Fantasy has always been a space that one can go to when it’s necessary to get away. Regardless of what a person wants to step away from in that moment in time, fantasy offers momentary relief. Personally, I think that escapism can be extremely cathartic.

So, in an effort to promote that catharsis, here are five fantasy worlds to explore from the safety of your home. Did I just stare at my bookshelves in search of suggestions? You bet I did.



1. The wizarding world


Harry Potter Book Cover
image via Harry potter wiki – fandom


I know, I know. Most folk are familiar with this series in some way, shape, or form. All the same, this is also the sort of comfort-food story that people need when things are hard. The world absorbs us, and while there is conflict, there is also a happy ending too.

For those who may not be familiar, J.K. Rowling‘s Harry Potter series follows the titular main character and his two best friends, Hermione and Ron. Together, they fight against the dark lord Voldemort in order to protect the world of witches and wizards and muggles alike.

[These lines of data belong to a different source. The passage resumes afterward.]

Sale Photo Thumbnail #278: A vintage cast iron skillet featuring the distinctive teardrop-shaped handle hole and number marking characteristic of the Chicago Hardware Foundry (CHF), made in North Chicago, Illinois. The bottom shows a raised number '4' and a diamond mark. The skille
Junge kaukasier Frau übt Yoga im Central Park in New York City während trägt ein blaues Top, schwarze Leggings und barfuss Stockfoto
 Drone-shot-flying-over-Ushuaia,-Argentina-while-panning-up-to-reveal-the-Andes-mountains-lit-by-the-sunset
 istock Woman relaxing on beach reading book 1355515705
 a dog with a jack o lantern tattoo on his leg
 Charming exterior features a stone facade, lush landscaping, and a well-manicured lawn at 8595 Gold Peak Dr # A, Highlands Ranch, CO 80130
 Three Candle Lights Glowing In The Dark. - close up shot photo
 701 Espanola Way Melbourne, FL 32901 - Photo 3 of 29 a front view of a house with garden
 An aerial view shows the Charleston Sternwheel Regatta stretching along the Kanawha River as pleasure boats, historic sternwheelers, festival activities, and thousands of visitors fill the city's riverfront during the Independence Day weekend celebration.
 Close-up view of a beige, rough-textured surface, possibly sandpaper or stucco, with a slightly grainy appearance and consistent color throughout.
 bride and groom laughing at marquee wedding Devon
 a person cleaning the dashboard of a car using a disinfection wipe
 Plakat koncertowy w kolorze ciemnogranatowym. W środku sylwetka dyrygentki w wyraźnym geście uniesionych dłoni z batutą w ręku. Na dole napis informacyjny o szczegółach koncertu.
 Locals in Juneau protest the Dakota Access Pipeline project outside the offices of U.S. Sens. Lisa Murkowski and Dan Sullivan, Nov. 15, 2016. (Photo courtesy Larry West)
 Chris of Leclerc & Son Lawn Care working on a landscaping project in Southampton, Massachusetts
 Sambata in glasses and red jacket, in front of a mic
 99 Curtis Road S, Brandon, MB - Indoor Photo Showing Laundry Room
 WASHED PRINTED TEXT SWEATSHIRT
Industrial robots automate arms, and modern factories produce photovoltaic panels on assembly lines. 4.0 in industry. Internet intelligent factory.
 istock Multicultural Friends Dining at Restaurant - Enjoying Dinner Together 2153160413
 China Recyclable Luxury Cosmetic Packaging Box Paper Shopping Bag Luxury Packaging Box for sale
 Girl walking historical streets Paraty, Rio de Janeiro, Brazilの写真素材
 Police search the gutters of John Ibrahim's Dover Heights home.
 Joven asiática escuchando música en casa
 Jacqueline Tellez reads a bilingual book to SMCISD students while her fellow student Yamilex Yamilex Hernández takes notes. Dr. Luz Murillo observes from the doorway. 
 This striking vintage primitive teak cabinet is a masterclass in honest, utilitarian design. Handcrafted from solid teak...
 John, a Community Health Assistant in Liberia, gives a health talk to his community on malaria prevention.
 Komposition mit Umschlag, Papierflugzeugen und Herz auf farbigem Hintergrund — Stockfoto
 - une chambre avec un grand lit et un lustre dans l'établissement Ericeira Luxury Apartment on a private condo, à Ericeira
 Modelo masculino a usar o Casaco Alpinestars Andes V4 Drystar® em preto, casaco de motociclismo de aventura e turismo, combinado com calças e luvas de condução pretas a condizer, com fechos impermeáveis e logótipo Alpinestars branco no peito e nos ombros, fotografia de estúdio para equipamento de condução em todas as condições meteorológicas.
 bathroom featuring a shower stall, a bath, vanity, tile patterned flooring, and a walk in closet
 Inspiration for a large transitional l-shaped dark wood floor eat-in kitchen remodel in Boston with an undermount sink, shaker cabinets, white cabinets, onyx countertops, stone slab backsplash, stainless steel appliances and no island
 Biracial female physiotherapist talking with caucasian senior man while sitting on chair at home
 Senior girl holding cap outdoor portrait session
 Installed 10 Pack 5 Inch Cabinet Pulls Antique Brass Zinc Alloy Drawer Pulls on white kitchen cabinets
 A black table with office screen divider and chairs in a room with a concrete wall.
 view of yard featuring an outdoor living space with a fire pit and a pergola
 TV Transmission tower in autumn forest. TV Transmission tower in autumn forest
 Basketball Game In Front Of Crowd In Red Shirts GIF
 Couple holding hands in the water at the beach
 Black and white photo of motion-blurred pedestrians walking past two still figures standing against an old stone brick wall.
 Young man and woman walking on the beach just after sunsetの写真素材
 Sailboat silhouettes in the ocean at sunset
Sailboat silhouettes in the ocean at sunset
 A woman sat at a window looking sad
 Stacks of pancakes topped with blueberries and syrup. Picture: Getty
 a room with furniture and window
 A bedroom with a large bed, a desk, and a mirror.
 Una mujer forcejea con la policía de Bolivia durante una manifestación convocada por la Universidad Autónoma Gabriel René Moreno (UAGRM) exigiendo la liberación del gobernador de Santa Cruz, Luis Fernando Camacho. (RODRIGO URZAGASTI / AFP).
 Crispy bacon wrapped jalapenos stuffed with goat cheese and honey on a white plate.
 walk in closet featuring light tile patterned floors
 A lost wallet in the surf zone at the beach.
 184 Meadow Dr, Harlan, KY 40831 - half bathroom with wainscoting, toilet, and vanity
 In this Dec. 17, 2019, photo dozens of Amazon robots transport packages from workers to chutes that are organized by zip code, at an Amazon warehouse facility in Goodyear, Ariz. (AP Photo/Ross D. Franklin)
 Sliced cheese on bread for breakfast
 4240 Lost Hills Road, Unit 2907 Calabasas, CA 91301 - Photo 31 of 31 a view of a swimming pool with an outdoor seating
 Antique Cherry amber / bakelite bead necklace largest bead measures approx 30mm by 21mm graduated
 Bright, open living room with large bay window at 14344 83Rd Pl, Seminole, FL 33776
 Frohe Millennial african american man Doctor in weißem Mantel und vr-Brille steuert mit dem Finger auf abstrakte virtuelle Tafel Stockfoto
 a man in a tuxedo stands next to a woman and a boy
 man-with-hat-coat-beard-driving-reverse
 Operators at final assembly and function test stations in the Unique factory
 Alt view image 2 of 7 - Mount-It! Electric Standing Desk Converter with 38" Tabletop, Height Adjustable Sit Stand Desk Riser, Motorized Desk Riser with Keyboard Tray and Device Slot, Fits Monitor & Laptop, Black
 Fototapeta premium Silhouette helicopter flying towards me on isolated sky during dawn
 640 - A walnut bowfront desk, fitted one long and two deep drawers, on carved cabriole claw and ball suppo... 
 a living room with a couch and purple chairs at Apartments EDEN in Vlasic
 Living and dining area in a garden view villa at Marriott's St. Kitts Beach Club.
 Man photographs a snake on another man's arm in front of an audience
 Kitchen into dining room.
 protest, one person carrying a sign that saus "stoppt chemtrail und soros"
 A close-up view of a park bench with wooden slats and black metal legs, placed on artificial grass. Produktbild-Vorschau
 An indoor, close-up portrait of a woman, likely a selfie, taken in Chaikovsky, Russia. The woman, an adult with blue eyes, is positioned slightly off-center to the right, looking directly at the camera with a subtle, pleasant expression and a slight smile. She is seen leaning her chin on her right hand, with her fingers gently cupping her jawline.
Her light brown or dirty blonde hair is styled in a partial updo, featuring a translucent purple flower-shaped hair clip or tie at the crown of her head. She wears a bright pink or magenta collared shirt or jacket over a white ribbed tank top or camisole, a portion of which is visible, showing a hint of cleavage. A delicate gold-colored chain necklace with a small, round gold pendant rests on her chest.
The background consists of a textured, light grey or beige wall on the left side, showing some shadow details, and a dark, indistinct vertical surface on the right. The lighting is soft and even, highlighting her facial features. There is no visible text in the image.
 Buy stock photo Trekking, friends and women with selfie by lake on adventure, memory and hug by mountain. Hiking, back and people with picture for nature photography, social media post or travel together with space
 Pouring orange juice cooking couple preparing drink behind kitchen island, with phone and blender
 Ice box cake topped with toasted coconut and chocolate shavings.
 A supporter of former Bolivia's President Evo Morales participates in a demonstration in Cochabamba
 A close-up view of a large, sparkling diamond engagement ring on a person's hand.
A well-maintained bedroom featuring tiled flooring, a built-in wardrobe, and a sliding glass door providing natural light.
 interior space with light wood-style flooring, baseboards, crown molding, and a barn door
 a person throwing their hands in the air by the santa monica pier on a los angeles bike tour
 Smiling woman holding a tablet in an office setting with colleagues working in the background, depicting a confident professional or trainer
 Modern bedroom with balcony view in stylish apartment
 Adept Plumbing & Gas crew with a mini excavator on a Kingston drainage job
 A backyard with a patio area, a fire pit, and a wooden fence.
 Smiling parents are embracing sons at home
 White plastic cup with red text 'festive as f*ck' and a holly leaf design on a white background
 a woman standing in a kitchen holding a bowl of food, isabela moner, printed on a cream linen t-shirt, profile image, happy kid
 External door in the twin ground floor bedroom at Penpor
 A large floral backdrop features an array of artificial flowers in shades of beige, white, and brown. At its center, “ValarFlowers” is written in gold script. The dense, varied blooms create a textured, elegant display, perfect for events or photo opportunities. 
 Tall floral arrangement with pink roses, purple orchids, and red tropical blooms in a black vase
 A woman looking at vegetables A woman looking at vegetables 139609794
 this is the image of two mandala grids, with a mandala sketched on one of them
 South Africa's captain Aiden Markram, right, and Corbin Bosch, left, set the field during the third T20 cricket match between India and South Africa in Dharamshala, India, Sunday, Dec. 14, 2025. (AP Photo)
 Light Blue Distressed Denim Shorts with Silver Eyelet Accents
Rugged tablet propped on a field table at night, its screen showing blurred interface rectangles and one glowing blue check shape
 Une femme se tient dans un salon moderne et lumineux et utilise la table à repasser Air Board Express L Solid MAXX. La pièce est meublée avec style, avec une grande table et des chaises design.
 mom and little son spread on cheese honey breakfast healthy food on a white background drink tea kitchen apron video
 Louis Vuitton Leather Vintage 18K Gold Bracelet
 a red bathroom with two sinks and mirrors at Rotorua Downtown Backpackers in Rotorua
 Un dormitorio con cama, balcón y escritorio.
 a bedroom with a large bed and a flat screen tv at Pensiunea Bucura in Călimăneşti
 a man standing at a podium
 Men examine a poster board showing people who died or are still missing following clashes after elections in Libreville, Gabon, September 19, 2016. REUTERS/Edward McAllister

The wizarding world unfolds at the feet of readers, and we are invited to partake in the feasts, the classes, and the adventures that our protagonists undertake. This series primarily takes place at Hogwarts: The School of Witchcraft and Wizardry, and frankly, I think we all need to revisit this magical school for a book or seven.


2. Camp halfblood

Camp Halfblood
image via obsidian portal


Technically, Rick Riordan‘s world is hidden away from the eyes of us mere mortals, but that’s okay. While the Percy Jackson series intermingles with the American landscape, it provides enough of its own world and vision to be something of its own creation.

This story follows Percy Jackson, the son of Poseidon, the Greek god of the oceans, and his two best friends as they go on quests in an attempt to prevent the god Kronos from being resurrected. This story is a fantastic mingling of Greek mythology and snarky humor.

Though modern takes on mythology have been written before, this is most definitely a memorable one to read through. It’s also a fantastic source of nostalgia for those of us who read it when we were small people.



3. Roshar

Map of Roshar – Stormlight
image via pinterest


Brandon Sanderson‘s Stormlight Archive books have drawn quite the following, and when one digs into these stories, it’s easy to see why. The world is compelling and beautiful, the characters are delightful, and the plot is awe-inspiring.

This planet experiences severe storms, hence the name, and because of these storms, the world has adapted a sort of chitinous armor to protect itself. As a result, the people who inhabit it have also adapted to the terrain.

So far, three of the ten planned books have been published, which means that we have so, so much more of this world to explore with the main characters.


4. Pern


Dragons of Pern
image via the mary sue


If you’re noticing a distinct nostalgic trend in these book suggestions, there is most certainly a reason for it. Anne McCaffrey‘s Dragonriders of Pern series spans over twenty-three books, and oh yeah, there are dragons.

McCaffrey’s series is a fusion of science fiction and fantasy, with humans traveling to the planet Pern and settling there. Humanity periodically comes into conflict with a microorganism known as the Thread, and it is because of this organism that humanity has lost a great deal of its history and technology. The dragons who populate this world bond with humans, and later books discuss how this bonding became possible.

This series spans several hundreds of years, which means that Pern has an extremely fleshed out history and a lot to offer its readers.



5. DiscWorld


image via medium


Terry Pratchett‘s Discworld series is truly a gift that keeps on giving. It’s funny, it’s heartwarming, and it definitely has some Dungeons and Dragons undertones present.

Depending on which book you read, you could be following one of several inhabitants of Discworld. The Color of Magic follows Rincewind, a wizard who was kicked out of magic school and now acts as an impromptu tour guide for insurance salesman Twoflower. The Wyrd Sisters follow Pratchett’s version of the three witches from Macbeth. There is an assassin named Jonathan Teatime (pronounced tea-ah-time-eh, thank you very much). Did I mention that Death is also a character in this series? I didn’t? Death is a character in this series, and their horse’s name is Binky.

While I rattle on about the characters, the world is just as delightful because, for the most part, it doesn’t have a set geography, which is why a lot of the books don’t provide a map. What we do know about the discworld is that it is disc-shaped, it rests on the back of four elephants, who stand on the shell of a giant turtle swimming through space. Where is the turtle going? No one really knows.